» Exercise instructions
Only lines containing the string "with" belong in the answer; find them in the records and copy them.

» Material provided
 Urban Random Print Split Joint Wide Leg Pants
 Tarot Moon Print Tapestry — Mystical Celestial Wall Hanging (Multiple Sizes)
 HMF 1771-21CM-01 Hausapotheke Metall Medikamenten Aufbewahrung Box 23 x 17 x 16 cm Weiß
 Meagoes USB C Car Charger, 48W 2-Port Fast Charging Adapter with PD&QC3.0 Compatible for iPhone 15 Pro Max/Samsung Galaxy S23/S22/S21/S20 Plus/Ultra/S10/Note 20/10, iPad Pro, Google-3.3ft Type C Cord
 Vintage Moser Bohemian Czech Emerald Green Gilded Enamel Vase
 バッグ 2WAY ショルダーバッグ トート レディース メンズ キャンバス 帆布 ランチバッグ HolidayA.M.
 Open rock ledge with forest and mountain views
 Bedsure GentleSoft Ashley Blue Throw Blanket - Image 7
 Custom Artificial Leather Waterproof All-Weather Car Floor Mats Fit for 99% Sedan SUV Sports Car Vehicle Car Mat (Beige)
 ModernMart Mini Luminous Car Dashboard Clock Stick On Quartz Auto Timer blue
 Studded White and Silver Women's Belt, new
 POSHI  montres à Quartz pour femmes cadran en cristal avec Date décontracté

» Answer section
 Meagoes USB C Car Charger, 48W 2-Port Fast Charging Adapter with PD&QC3.0 Compatible for iPhone 15 Pro Max/Samsung Galaxy S23/S22/S21/S20 Plus/Ultra/S10/Note 20/10, iPad Pro, Google-3.3ft Type C Cord
 Open rock ledge with forest and mountain views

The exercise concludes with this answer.